Complementing this ethical commentary on the influx of Western culture, Le Retour also alludes to the domination of African cinema circuits by US (and Hindi) genre fare, where the Western occupied pride of place, pointing to the underlying structures of cultural domination: foreign cinema ownership, inequitable trade deals and other coercive practices whose net effect was to keep African films out of circulation. In response to this model instance of neo-colonial exploitation, African filmmakers called for the nationalisation of film distribution and the taxation of foreign imports, as a means to provide the monetary basis for the establishment of national film funds (not dissimilar to those found in European countries at the time). Even in those rare cases where their call was heard, however, implementation of such measures remained sporadic, incomplete and uncoordinated, such that throughout the post-independence era (and for decades to come) African productions only ever constituted a negligible fraction of the overall volume of films in circulation. To make matters worse, cinemas were few and far between in sub-Saharan Africa, most of them clustered in major urban centres, so that large parts of the population remained permanently out of reach.

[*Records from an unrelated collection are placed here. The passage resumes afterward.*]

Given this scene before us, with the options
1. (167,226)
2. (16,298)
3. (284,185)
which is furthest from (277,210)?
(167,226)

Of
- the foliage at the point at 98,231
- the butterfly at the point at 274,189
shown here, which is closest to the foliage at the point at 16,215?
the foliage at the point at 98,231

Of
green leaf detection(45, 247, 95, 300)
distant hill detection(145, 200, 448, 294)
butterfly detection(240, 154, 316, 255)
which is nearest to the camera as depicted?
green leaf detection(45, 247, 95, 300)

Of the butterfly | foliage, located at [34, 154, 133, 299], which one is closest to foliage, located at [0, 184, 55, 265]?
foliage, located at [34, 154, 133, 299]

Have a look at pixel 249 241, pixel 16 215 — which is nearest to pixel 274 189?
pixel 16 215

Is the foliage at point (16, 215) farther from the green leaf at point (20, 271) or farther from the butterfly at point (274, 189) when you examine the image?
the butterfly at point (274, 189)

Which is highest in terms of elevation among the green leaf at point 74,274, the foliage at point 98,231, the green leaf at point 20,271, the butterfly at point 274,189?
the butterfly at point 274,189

This neo-colonial entrenchment of infrastructural heteronomy and material deprivation, mitigated only by ineffective and nationally confined state intervention, forms the historical backdrop against which African filmmakers, left to their own devices, were struggling to invent a counter-logistics of circulation. To this end, they fostered alternative distribution networks that would either operate autonomously on a local or regional level, often involving mobile cinemas and self-made equipment, or reroute transnational in/ter/dependence along pan-African, ‘non-aligned’ or diasporic trajectories. In the mid-1960s, facing growing production difficulties, Alassane set into motion a mobile cinema circuit, the “ciné-bus de brousse” (cine-bush-taxi) (CinémAction, 1979, p. 639), which he used to present his own works alongside Hollywood and European films he held dear, such as Ben Hur (1959), Ladri di biciclette (1948) or Rio Bravo (1959), in front of audiences numbering in the hundreds. Alassane custom-built a projector for use in his ciné-bus, with some parts imported from Europe while the majority of the apparatus was assembled in Niger.[22] During states of emergency, the cost of Alassane’s traveling film exhibition rose steeply: to assuage local police, protection money had to be paid.

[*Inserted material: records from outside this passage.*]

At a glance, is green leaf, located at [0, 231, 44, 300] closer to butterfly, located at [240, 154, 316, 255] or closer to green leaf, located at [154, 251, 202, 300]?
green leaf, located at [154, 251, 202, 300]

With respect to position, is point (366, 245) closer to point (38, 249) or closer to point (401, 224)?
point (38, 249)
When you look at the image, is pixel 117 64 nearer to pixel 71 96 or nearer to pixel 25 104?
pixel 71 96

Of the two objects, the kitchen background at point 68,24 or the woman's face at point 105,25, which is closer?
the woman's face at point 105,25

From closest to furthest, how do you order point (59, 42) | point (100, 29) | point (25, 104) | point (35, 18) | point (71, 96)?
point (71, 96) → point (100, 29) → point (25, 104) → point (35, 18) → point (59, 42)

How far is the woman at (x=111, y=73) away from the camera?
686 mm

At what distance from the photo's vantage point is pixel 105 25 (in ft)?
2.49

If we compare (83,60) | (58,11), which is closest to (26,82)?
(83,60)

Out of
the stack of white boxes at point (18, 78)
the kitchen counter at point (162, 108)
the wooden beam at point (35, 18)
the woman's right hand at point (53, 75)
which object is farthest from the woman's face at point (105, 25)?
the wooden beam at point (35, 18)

Alassane’s F.V.V.A. (1972) – the title standing for “femmes, voiture, villas, argent” (wives, car, villas, money) – demonstrates that Western culture animated not just returning adventurers but those who stayed at home as well. A young man, again played by Djingarey Maïga, pursues his dream of wealth and a successful life straddling tradition and modernity but is ultimately driven into corruption by his unattainable ambition. After the success of F.V.V.A at the third edition of FESPACO (Festival panafricain de Ouagdougou) where it won the OCAM (Organisation commune africaine et malgache) award, Alassane used the prize money to re-record the sometimes inaudible dialogue, from which a gap resulted between the image and its post hoc synchronisation. Much like other African productions of the period, notably Sembène’s Borom Sarret, F.V.V.A. turns this ostensible bug into a full-fledged feature: Sound is freed from its total “magnetisation” (M. Chion) by the image, their usual hierarchy reversed, affording the voice (orality) a degree of autonomy.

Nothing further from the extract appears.